Researchers at IRB Barcelona discover that the liver and brain communicate in order to regulate appetite

Sample from mouse liver. A high glycogen content (pink) suppresses appetite and improves the management of diabetes and obesity. Image: I López-Soldado, IRB Barcelona

Mice eat less when their hepatic glucose stores are high.

“We have to find treatments to increase hepatic glucose because of its positive effect in diabetes and obesity,” says Joan Guinovart, head of the study published in Diabetes.
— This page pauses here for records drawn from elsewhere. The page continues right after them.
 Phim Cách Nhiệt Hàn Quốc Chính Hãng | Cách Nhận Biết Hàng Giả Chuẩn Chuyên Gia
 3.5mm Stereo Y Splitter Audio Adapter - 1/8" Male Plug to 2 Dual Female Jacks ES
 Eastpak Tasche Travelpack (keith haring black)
The liver stores excess glucose, sugar, in the form of glycogen—chains of glucose—, which is later released to cover body energy requirements. Diabetic patients do not accumulate glucose well in the liver and this is one of the reasons why they suffer from hyperglycemia, that is to say, their blood sugar levels are too high. A study headed by Joan J. Guinovart at the Institute for Research in Biomedicine (IRB Barcelona) demonstrates that high hepatic glucose stores in mice prevents weigh gain. The researchers observed that in spite of having free access to an appetizing diet, the animals’ appetite was reduced. This is the first time that a link has been observed between the liver and appetite.

On the basis of the results published in the journal Diabetes, the researchers argue that the stimulation of hepatic glycogen production would provide an efficient treatment to improve diabetes and obesity.
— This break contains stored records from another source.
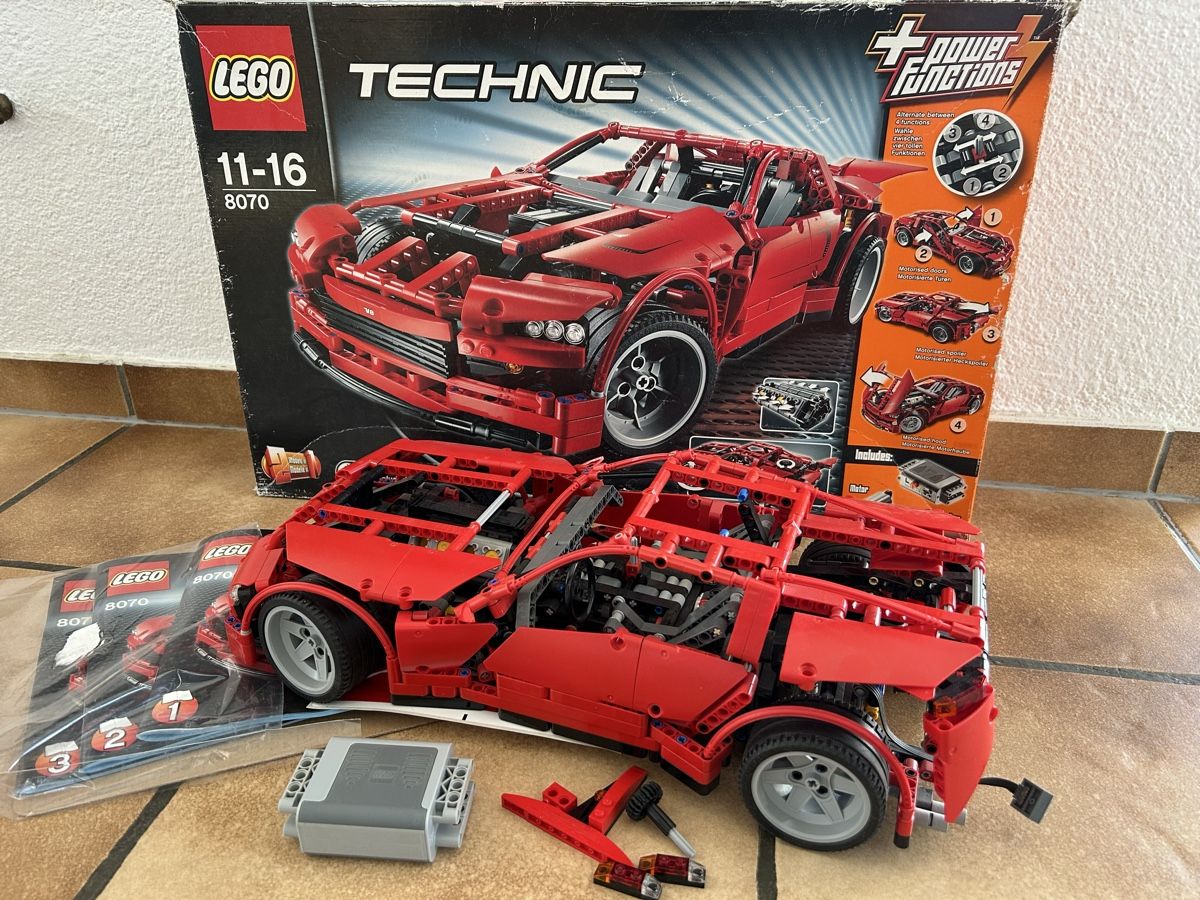 Lego Kit di costruzioni: LEGO Technic 8070, Supercar mit Original Verpackung – Usato da Wegenstetten venduto da Pumukel85 2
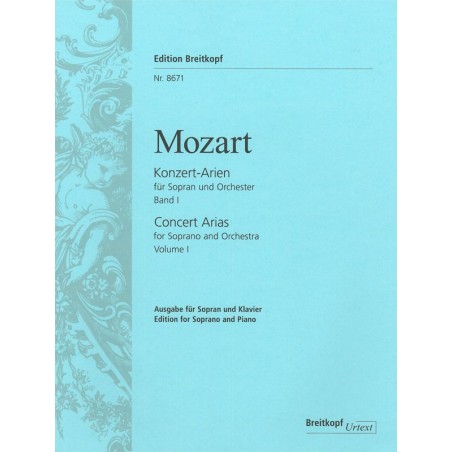 Mozart partition soprano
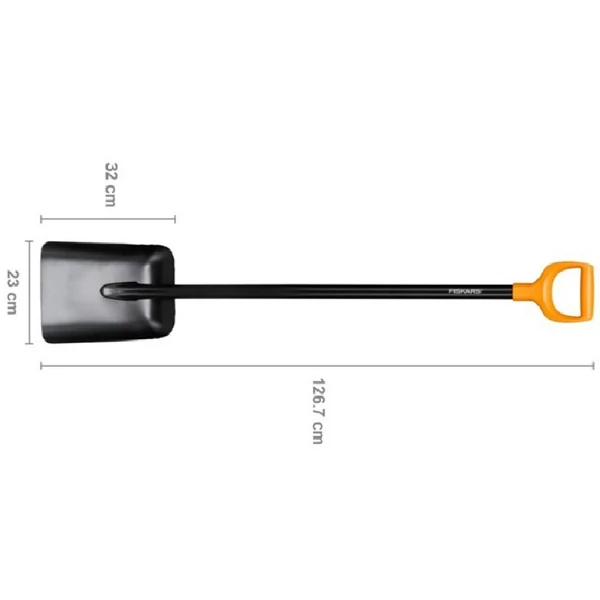 Fiskars Solid lapát - 1066718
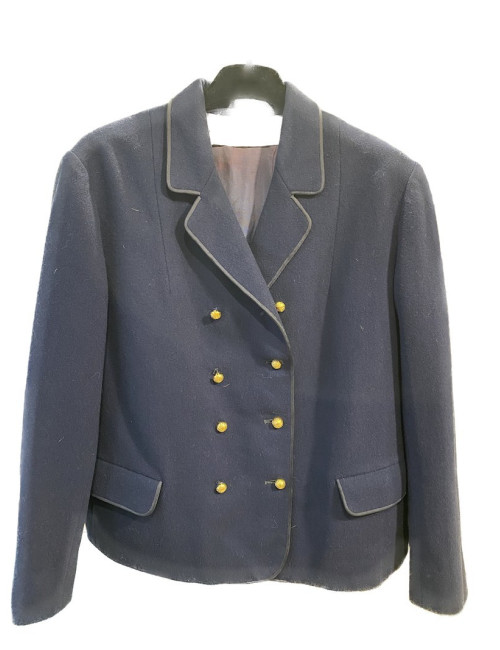 Veste JEAN BAILLAY croisée bleu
“It is interesting to observe that what happens in the liver has direct effects on appetite. Here we reveal what occurs at the molecular level,” explains Guinovart, head of one of the leading labs worldwide devoted to glycogen metabolism and associated diseases.

Tomorrow, November 14 is World Diabetes Day. The incidence of diabetes and obesity is rising.  The World Health Organization estimates that 382 million people worldwide currently live with diabetes and for 2035 it forecasts that one in every 10 people will have this disease. With respect to obesity, which is closely associated with the onset of type 2 diabetes—the most common type of diabetes—the numbers are even higher. In 2008, more than 200 million men and around 300 million women were classified as obese.

“By understanding what doesn’t work properly in diabetes and obesity in the molecular level, we will be closer to proposing new therapeutic targets and to finding solutions,” explains Guinovart, although both diseases can be prevented by eating a balanced diet and exercising daily. “In the case of type 2 diabetes, with diet alone the numbers of people with this condition would half,” states Guinovart.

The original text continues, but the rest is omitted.